If you've configured automated user provisioning for a SAML cloud application, you can see the number of users created, suspended, and deleted within the last 30 days, as well as any provisioning failures, on the app's profile page. When autoprovisioning is on, users are synced every few hours.
In the Admin console, go to Menu AppsWeb and mobile apps.
- Click a SAML cloud application that shows Autoprovisioning On in the Details column.
- Under Autoprovisioning, the number of users created, suspended, and deleted in the last 30 days is shown, as well as the number of provisioning failures.
The top of the Autoprovisioning section shows auto-provisioning status:
- Active — Autoprovisioning is on and running. User accounts will be created in the target application for all the applicable users based on the Organizational Units for which the application is selected and any additional groups to which provisioning is restricted. After that, whenever any changes are made to a user in Google Cloud Directory, relevant changes are made to the user account in your target application.
- Inactive — Autoprovisioning is inactive. No changes are made to users accounts in your target application in this state. Note: Deactivating auto-provisioning may take up to 15 minutes to take effect.

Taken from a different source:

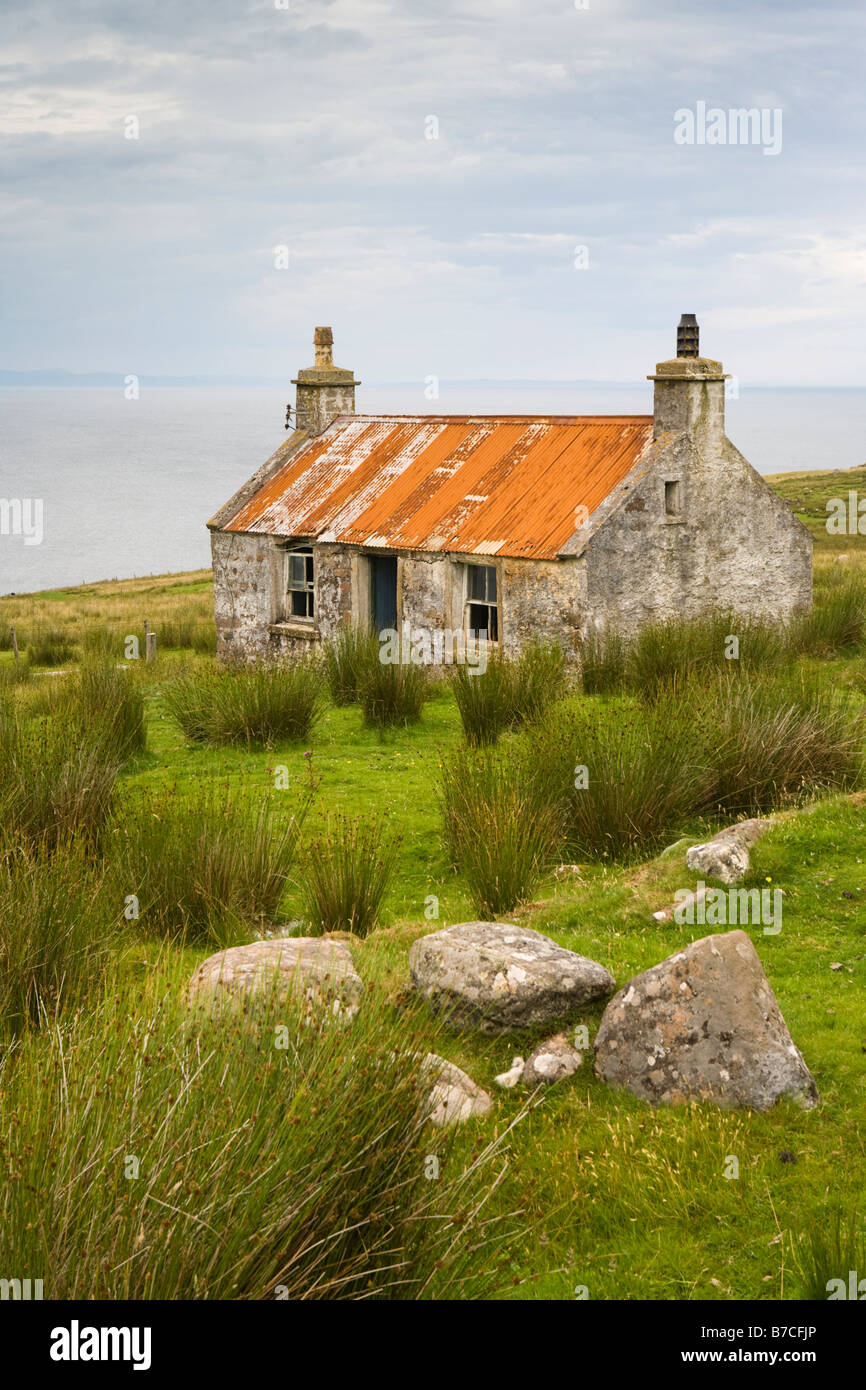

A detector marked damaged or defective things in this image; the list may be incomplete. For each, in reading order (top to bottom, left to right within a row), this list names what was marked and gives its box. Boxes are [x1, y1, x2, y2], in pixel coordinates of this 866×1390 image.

orange rusted roof panel [219, 411, 653, 558]
rusty corrugated metal roof [219, 414, 653, 561]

Before activating autoprovisioning, make sure to configure mandatory user attributes, attribute mappings, and any needed provisioning scopes. Also consider any licensing implications for your application.
- Do one of the following:
- Under Autoprovisioning, click the activation slider.
- Click in the Autoprovisioning section to open the settings page, then click Status > Turn on or Turn off.
- In the confirmation box, click Turn on or Turn off.
Note: Deactivating autoprovisioning doesn't remove users already created on your target application.
Before it can start working, automated user provisioning needs the target application to authorize Google to create and update user accounts in the app. As the administrator of the target app, you give this authorization during initial autoprovisioning setup.
However, after initial setup, authorization can sometimes be revoked. This may happen due to inactivity, a password change on the app's admin account, or for other reasons. If so, you'll need to reauthorize to get autoprovisioning started again.
For instructions, see the Reauthorization section in your app's autoprovisioning article.
Here's the effect on automated user provisioning when a target application is enabled:
Single sign-on (SSO) gets turned on for the target application. If the provisioning status is ON, provisioning continues and accounts are created in the target application for applicable users based on the Organizational Units (OUs) for which the application is turned on and any additional groups to which provisioning is restricted. If the provisioning status is OFF, there's no change in the status of accounts on the target application.
Here's the effect on automated user provisioning when a target application is disabled:
SSO is turned off for the target application. If the provisioning status is ON, provisioning continues and all Cloud Directory users previously created in the target application will be removed. If the provisioning status is OFF, there's no change in the status of accounts on the target application.